_Try it_. Exactly the lines below starting at the line with "Now we'll find" and ending at the line with "At the very least when" are wanted, with both ends included. Leave out the pictures and add no other lines.

_Material provided_.
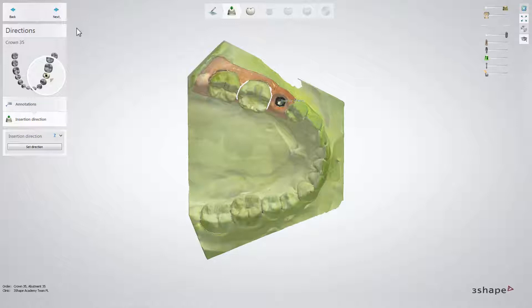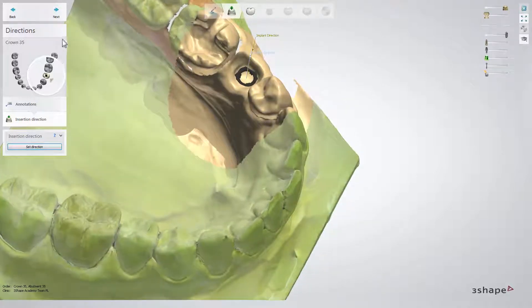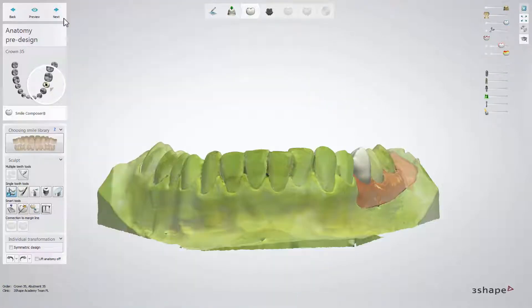Once you have annotated the implant, it is necessary to specify the insertion direction. You cannot change the direction of the implant, but it is possible to change the insertion direction of a restoration that goes on top. Find the optimal insertion direction by positioning the scan in the design window from your occlusal view. When the desired position is found, click the Set Direction button to save its position and click Next to go further in the design process.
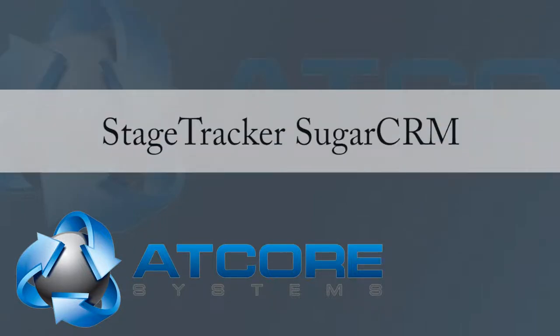Welcome to this installment of tutorials for SugarCRM from Atcore Systems. Today we will focus on the installation and use of the excellent StageTracker module for SugarCRM.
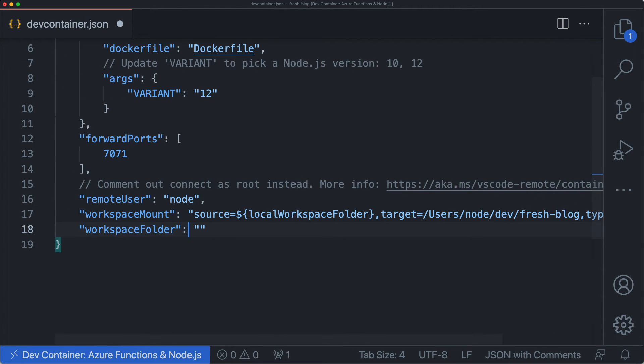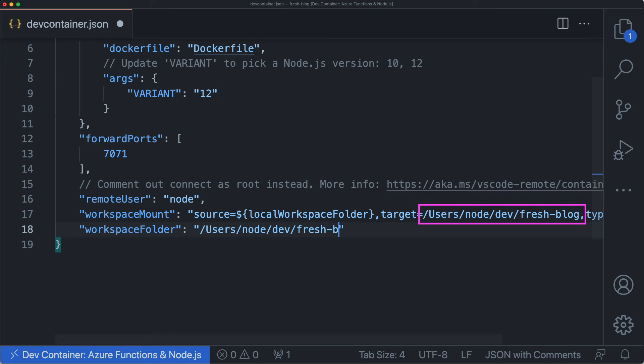Now use the workspace folder property to tell VS Code which project you want to load, which is the same as the target from the workspace mount property.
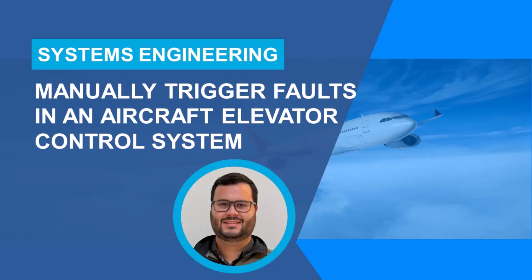Hi everyone, this is Arthur from MathWorks. In this video, I will show you how to use Simulink Fault Analyzer to manually trigger faults in a simulation of an aircraft elevator control system while it's running to test how the system responds to failures.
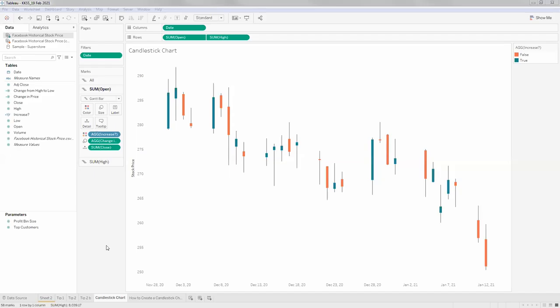For today's session, we'll try to replicate a chart called the candlestick chart. We'll see where it can be used, then get into how we can create it. Towards the end of the session, I also have a couple of tips for you. So that will be the broad plan for today.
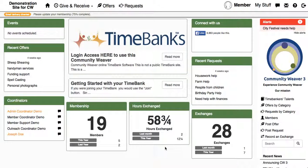There are a few different ways to find an offer or request on Community Weaver 3, and we're just going to show you a few of them in this video.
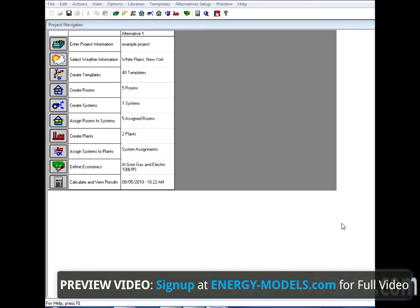As we had mentioned earlier, anytime we select a plant, a pump, a fan, or any other equipment in Trace, there are things operating in the background.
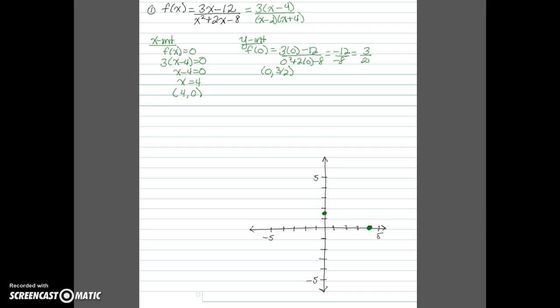Now we'll find the vertical asymptotes. Vertical asymptotes occur when the function is undefined, so we set the denominator equal to 0. Using the factored form of the denominator and setting it equal to 0, we find that x equals 2 or x equals negative 4. These are our vertical asymptotes. We'll draw dashed vertical lines for these because they are not parts of the function, just guides to show where the function is turning.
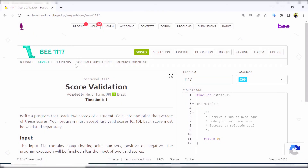Assalamualaikum. In this video we will solve BEECROWD problem number 1117, Score Validation. This is an interesting problem - it's a level 1 problem but it's a bit complicated.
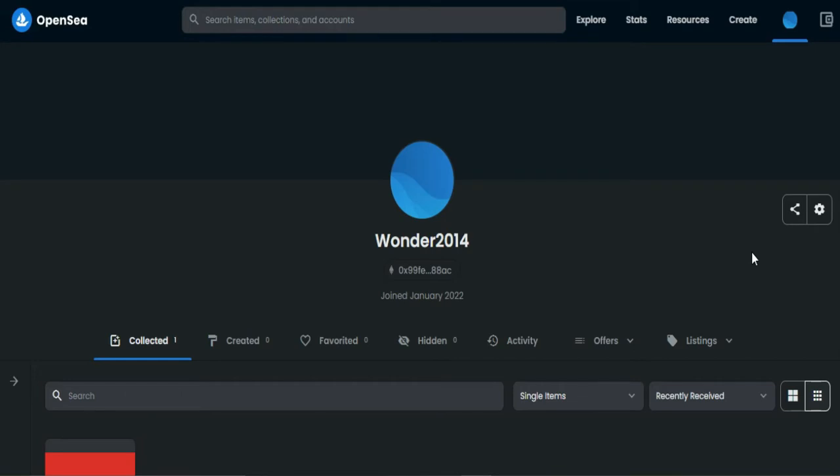OpenSea only allows one wallet per account. So since we cannot change our wallet on OpenSea, we have to create a new username and choose another wallet.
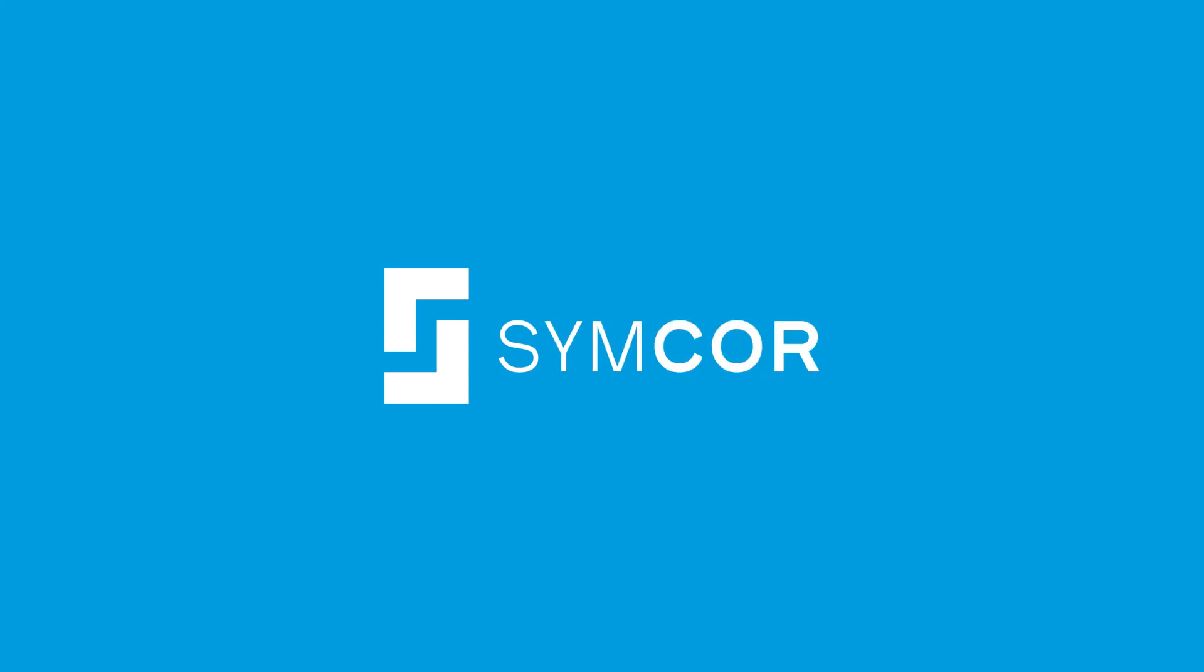SimCorp, your trusted partner to help you deliver industry-leading customer experiences. Visit www.SimCorp.ca to learn more.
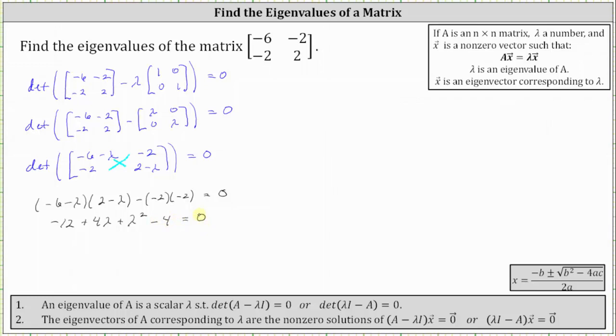Simplifying the left side, we have lambda squared plus four lambda, and then negative 12 minus four is equal to negative 16, giving us lambda squared plus four lambda minus 16 equals zero.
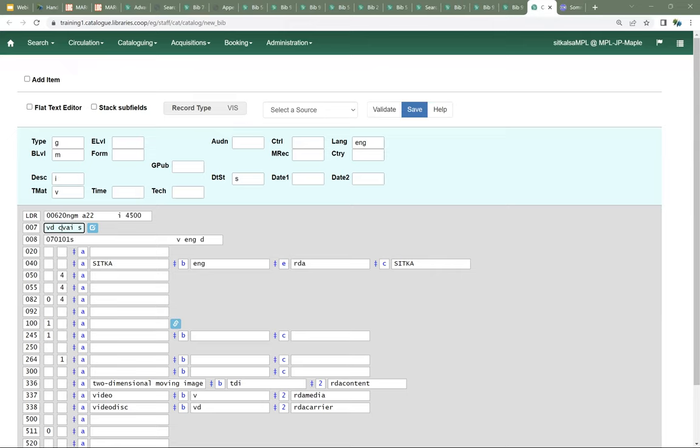At the very least when you're doing your cataloging, you want to make sure you're filling in that date one field so the publication date sort works properly, and any other fields or characters that are going to be relevant to your format icon and the applicable search filters. The more information you include in the 008, 007, and leader, the better — but at the very least, try to get the information that's going to affect those filters included.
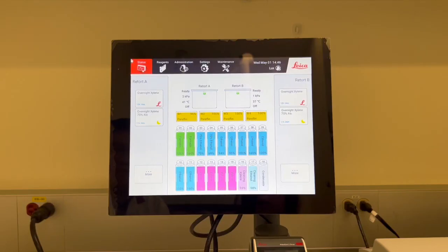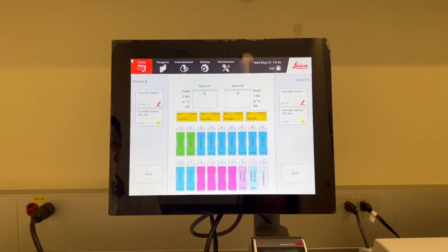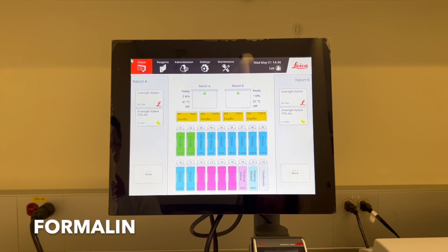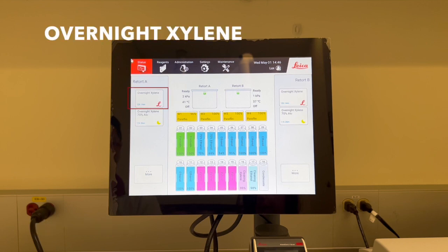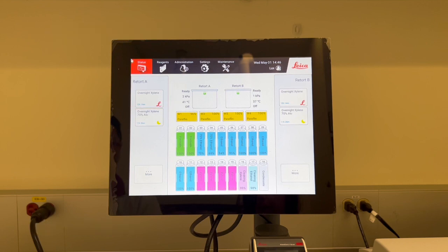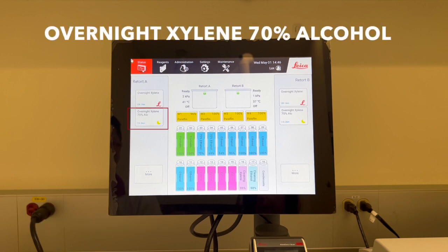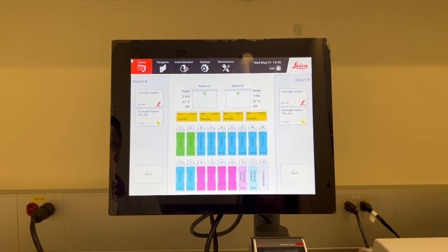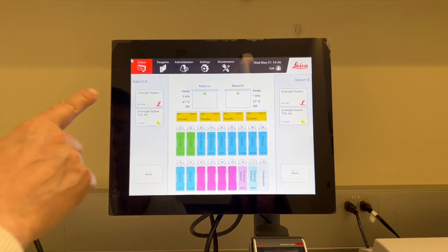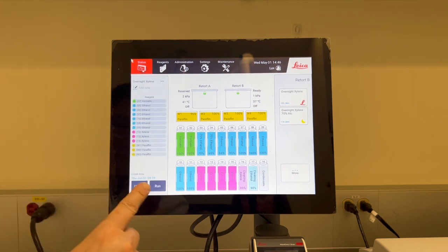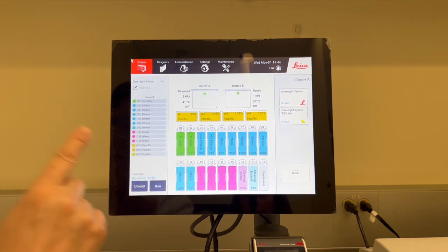There are two protocols under the favorite protocol list, overnight xylene and overnight xylene 70% alcohol. It depends on the situation of your samples to decide which protocol you should use. If your tissue samples are in formalin, you should choose overnight xylene. If your tissue samples are already in 70% alcohol, then you should choose overnight xylene 70% alcohol. In this case, our samples are in formalin, so we will select overnight xylene, then press run.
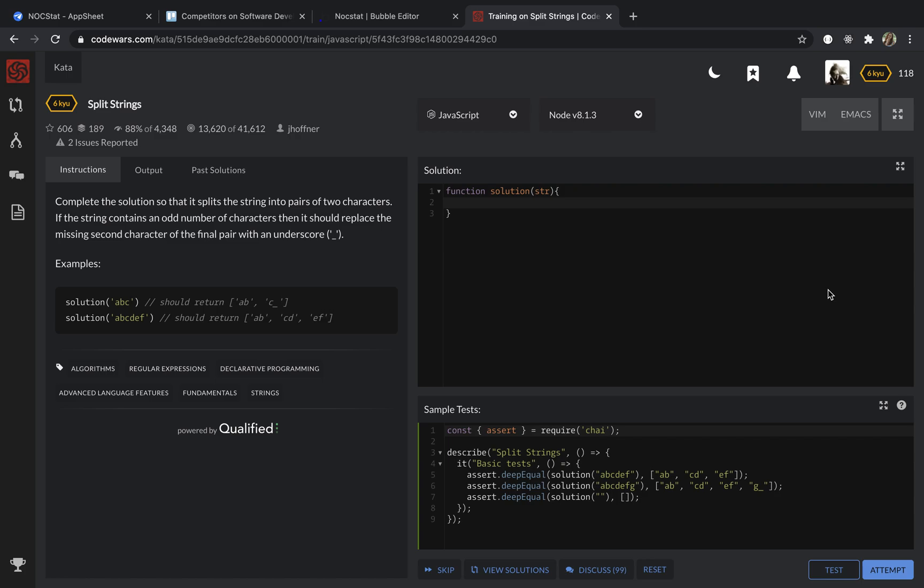And before that, I'm going to check if the string contains an odd number of characters. If it does, I'm going to just add the underscore to the end of the string and then return. So let's do it.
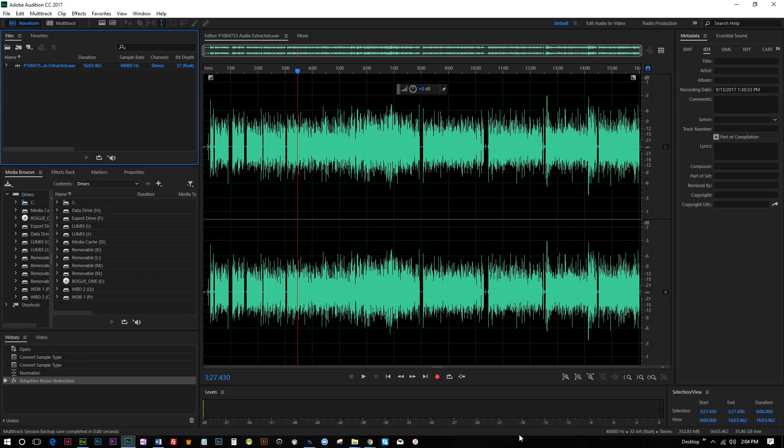Hey everybody, this is Roberto Blake of robertoblake.com, helping you create something awesome today. Welcome to another Adobe Audition tutorial.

_Task answer_.
Now we'll find the vertical asymptotes. Vertical asymptotes occur when the function is undefined, so we set the denominator equal to 0. Using the factored form of the denominator and setting it equal to 0, we find that x equals 2 or x equals negative 4. These are our vertical asymptotes. We'll draw dashed vertical lines for these because they are not parts of the function, just guides to show where the function is turning.
Assalamualaikum. In this video we will solve BEECROWD problem number 1117, Score Validation. This is an interesting problem - it's a level 1 problem but it's a bit complicated.
OpenSea only allows one wallet per account. So since we cannot change our wallet on OpenSea, we have to create a new username and choose another wallet.
SimCorp, your trusted partner to help you deliver industry-leading customer experiences. Visit www.SimCorp.ca to learn more.
Simplifying the left side, we have lambda squared plus four lambda, and then negative 12 minus four is equal to negative 16, giving us lambda squared plus four lambda minus 16 equals zero.
At the very least when you're doing your cataloging, you want to make sure you're filling in that date one field so the publication date sort works properly, and any other fields or characters that are going to be relevant to your format icon and the applicable search filters. The more information you include in the 008, 007, and leader, the better — but at the very least, try to get the information that's going to affect those filters included.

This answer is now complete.